MirrorMaker v2 (MM2), which ships as part of Apache Kafka in version 2.4.0 and above, detects and replicates topics, topic partitions, topic configurations and topic ACLs to the destination cluster that matches a regex topic pattern. Further, it checks for new topics that matches the topic pattern or changes to configurations and ACLs at regular configurable intervals. The topic pattern can also be dynamically changed by changing the configuration of the MirrorSourceConnector. Therefore MM2 can be used to migrate topics and topic data to the destination cluster and keep them in sync.

In order to differentiate topics between the source and destination, MM2 utilizes a ReplicationPolicy. The DefaultReplicationPolicy implementation uses a <source-cluster-alias>.<topic> naming convention as described in KIP-382.The consumer, when it starts up will subscribe to the replicated topic based on the topic pattern specified which should account for both the source topic and the replicated topic names. This behavior is designed to account for use cases which need to run multiple Apache Kafka clusters and keep them in sync for High Availability/Disaster Recovery and prevent circular replication of topics.
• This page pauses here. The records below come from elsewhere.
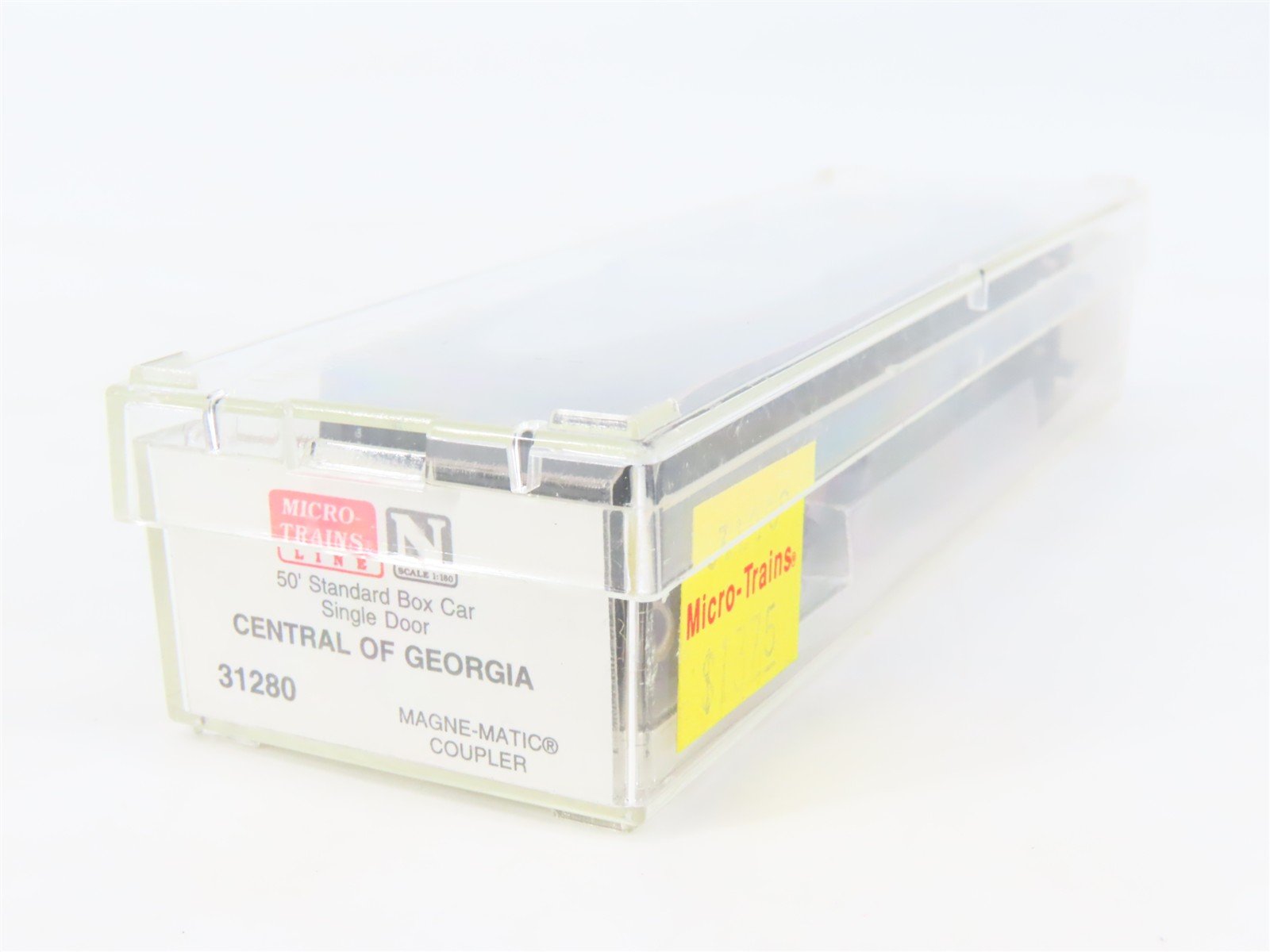 N Scale Micro-Trains MTL 31280 CofG Central of Georgia 50' Boxcar #1570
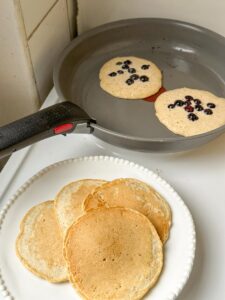全粒粉パンケーキ フランス自炊レシピ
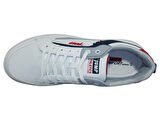  Jump Beyaz Lacivert Kırmızı Bağcıklı Sneakers Spor Ayakkabı
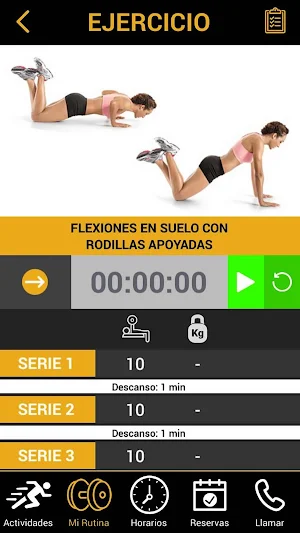 Cuore Fitness Screenshot 3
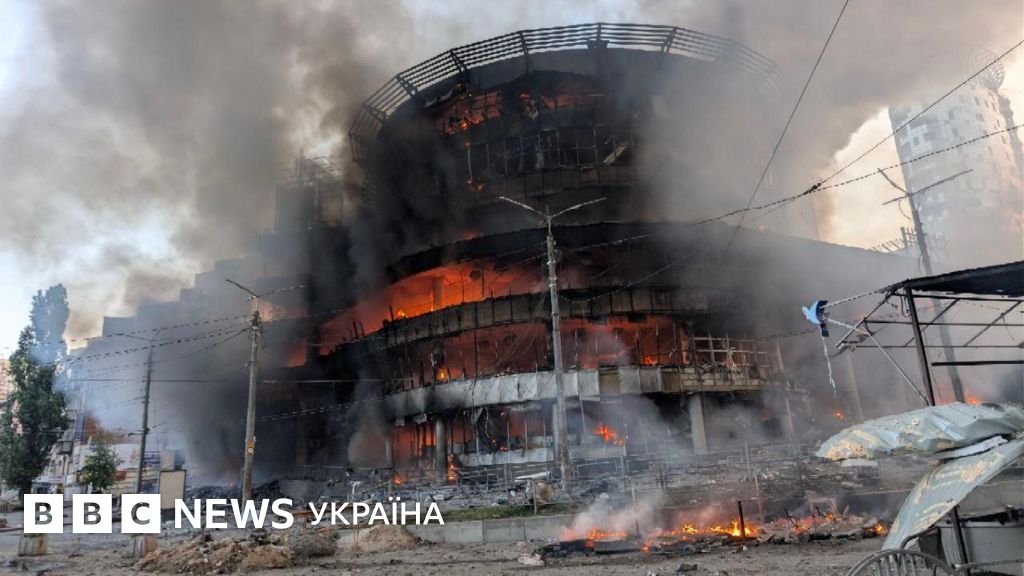 Russischer Raketenangriff auf Kyiv: Tote und schwere Zerstörung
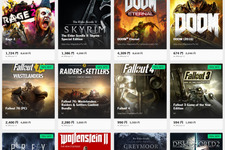 最大80％オフ！『DOOM』『Skyrim』『Fallout』など対象の「QuakeCon」セール実施中 画像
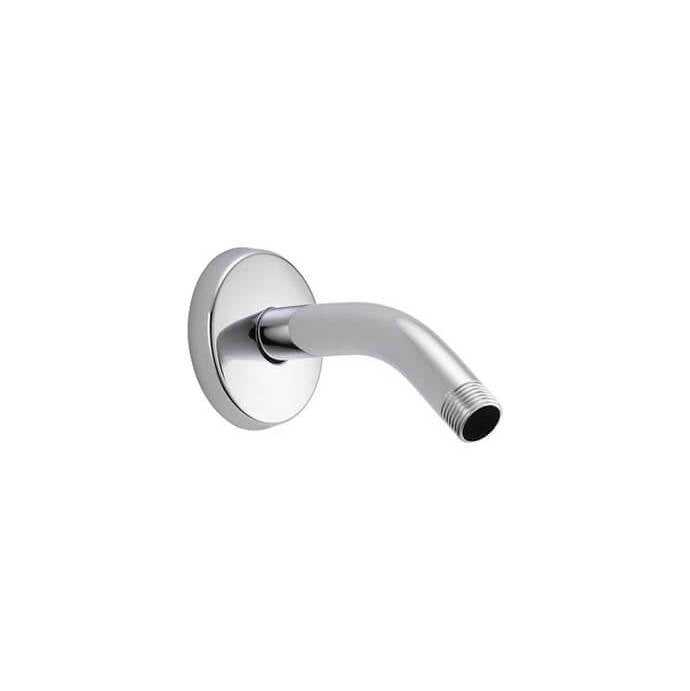 Mountain Plumbing - Shower Arm with 45Â° Bend (8'') - Satin Gold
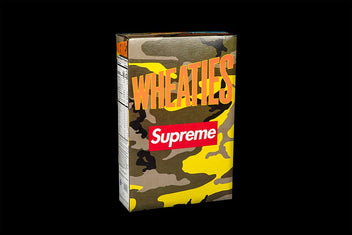 SUPREME WHEATIES CEREAL BOX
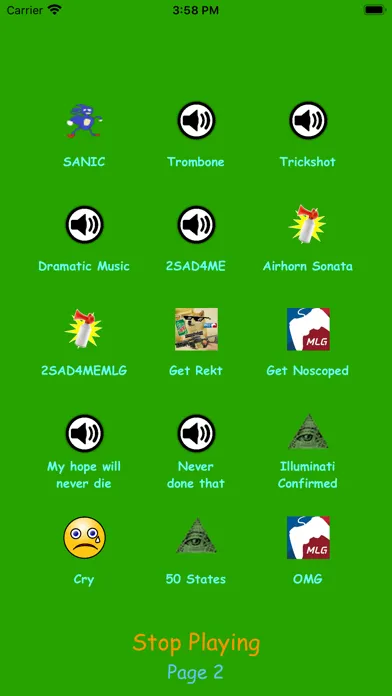 Get REKT Soundboard سکرین شاٹس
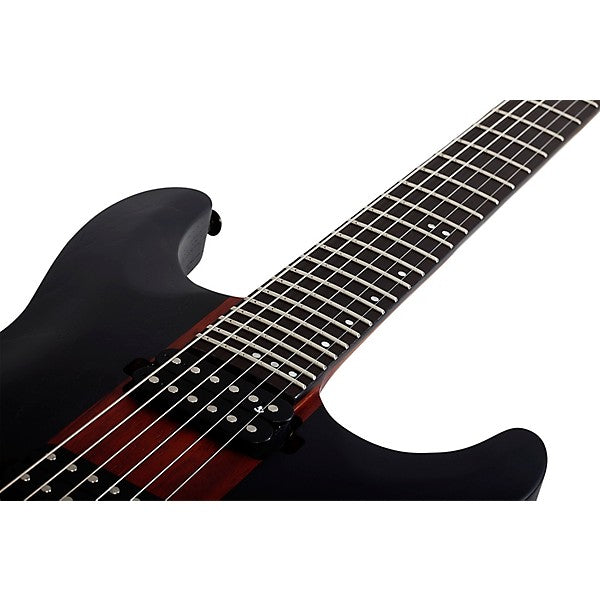 Schecter C-1 Rob Scallon Satin Dark Roast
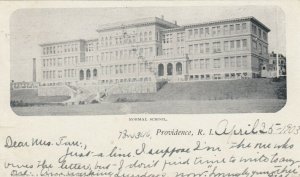 PROVIDENCE , R.I. , PMC 1900 ; Normal School
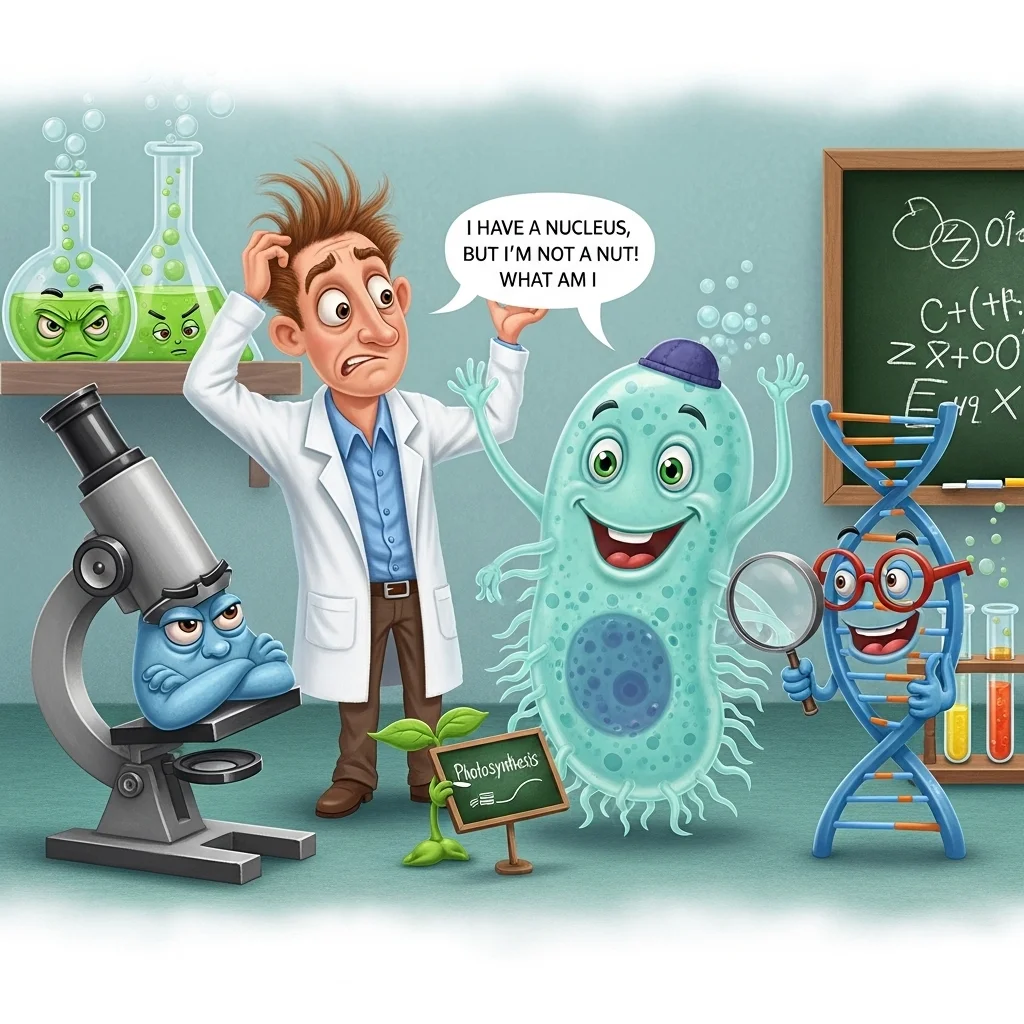 🧫 Cell Biology Riddles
In migration scenarios, it might be useful to have the same topic names in the destination as the source as there is no failback requirement and the replication is only way from the self-managed Apache Kafka cluster to Amazon MSK. In order to enable that, the DefaultReplicationPolicy needs to be replaced with a CustomReplicationPolicy which would maintain the same topic name at the destination. This jar file needs to be copied into the libs directory of the Apache Kafka installation running MM2.

MM2GroupOffsetSync

When replicating messages in topics between clusters, the offsets in topic partitions could be different due to producer retries or more likely due to the fact that the retention period in the source topic could've passed and messages in the source topic already deleted when replication starts. Even if the the __consumer_offsets topic is replicated, the consumers, on failover, might not find the offsets at the destination.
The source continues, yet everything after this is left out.